- Born: 1963
- Occupation(s): Journalist; media historian of Old-time radio

= Elizabeth McLeod =

Journalist and broadcast historian

Elizabeth McLeod (born 1963) is a journalist and broadcast historian who lives and works on the coast of Maine. She is best known for her extensive research into the origin and history of Amos 'n' Andy, an authoritative study first available on the Internet and then in her book, The Original Amos ’n’ Andy: Freeman Gosden, Charles Correll and the 1928–1943 Radio Serial.

== Biography ==

McLeod has written numerous articles on radio pioneers and the history of early radio. Her articles have appeared in such publications as Nostalgia Digest, Journal of the Radio Historical Association of Colorado and Radio Recall.
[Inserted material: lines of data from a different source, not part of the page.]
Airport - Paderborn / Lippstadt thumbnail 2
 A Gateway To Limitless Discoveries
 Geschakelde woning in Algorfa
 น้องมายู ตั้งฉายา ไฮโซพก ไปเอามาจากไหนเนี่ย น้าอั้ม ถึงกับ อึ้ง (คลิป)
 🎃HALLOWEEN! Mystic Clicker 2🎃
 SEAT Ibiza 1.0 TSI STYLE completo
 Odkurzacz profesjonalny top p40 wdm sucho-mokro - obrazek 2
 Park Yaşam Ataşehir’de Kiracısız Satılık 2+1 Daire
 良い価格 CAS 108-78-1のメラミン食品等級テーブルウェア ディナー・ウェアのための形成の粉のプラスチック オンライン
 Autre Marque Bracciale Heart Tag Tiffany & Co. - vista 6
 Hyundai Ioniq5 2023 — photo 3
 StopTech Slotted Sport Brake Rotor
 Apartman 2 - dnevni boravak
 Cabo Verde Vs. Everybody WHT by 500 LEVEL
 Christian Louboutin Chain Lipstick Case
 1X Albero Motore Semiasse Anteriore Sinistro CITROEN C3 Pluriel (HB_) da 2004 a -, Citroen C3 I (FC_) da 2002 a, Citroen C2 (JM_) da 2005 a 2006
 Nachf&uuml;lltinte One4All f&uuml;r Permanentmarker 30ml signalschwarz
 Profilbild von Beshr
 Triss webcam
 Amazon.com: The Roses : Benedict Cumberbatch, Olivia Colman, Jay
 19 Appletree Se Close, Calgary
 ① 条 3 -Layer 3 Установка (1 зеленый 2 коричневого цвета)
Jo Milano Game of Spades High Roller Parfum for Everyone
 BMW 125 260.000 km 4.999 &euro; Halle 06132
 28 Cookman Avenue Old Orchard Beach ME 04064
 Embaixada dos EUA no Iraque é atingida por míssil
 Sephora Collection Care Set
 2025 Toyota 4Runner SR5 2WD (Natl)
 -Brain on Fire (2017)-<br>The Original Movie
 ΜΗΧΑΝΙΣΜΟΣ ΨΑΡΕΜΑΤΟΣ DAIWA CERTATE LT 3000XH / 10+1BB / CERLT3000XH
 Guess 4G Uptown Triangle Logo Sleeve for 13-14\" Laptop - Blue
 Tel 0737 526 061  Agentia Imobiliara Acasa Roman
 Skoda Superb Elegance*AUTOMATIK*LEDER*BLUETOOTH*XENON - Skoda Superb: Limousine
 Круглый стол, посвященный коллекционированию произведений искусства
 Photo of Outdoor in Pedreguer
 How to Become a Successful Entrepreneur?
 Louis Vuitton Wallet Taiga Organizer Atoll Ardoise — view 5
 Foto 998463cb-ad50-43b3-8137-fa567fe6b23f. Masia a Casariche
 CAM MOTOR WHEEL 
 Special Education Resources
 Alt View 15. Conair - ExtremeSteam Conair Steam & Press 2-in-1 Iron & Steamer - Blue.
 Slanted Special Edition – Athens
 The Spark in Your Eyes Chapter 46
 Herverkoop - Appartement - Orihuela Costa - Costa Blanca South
She has contributed to (among others) Exploring Cultural History: Living Through the Great Depression and Encyclopedia of Radio. McLeod has also written liner notes for Radio Archives' Radio Legends: Matinee with Bob and Ray and other CD collections. Her major work, The Original Amos ’n’ Andy: Freeman Gosden, Charles Correll and the 1928–1943 Radio Serial was published in 2005 by McFarland. A biography of radio's first major stars that examines their long-term impact on the medium, the book refutes frequent condemnations of the radio and television series. Between 1997 and 2006 she contributed over 800 scripts to the daily CBS Radio Network program "Sound*Bytes."

==Awards==
In recognition of her work, she received the 2005 Ray Stanich Award presented by the Friends of Old Time Radio. McLeod is also a three-time winner of awards from the Maine Association of Broadcasters: Best Continuing Coverage, Radio (1990), Best Radio Commercial (1993) and Best Radio Writing (1996).

==Selected bibliography==
===Books===
- The Original Amos 'n Andy: Freeman Gosden, Charles Correll, and the 1928-1943 Radio Serial. McFarland & Co., 2005.
- Sterling, C. H., editor. McLeod articles in The Encyclopedia of Radio. Routledge Research Amalgamated Broadcasting System, 2004.
- Collins, Tracy Brown, editor. McLeod essay, "The Controversial Comedy of Amos 'n' Andy" in Exploring Cultural History: Living Through the Great Depression. Greenhaven Press, 2004.

===Magazines===
- "Radio Moments of the 20th Century," Journal of the Radio Historical Association of Colorado, January through December, 2000.
- "Documenting Early Radio," Radio Recall: Journal of the MWOTRC, December 1997 (Part One), February 1998 (Part Two), April 1998 (Part Three).
- Nostalgia Digest
  - "Tis Funny, McGee," December 2000-January 2001.
  - "We Want Cantor," October-November 2000.
  - "Forever Snooks," August-September 2000.
  - Tonight the Program's Gonna Be Different: Life and Times of Ed Wynn," June-July 2000.
  - "His Time Was Our Time: The Rudy Vallee Story," April-May 2000.
  - "Charlie's Big Night," February-March 1999.
  - "Forgotten Laughter: An Appreciation of Fred Allen," December 1998-January 1999.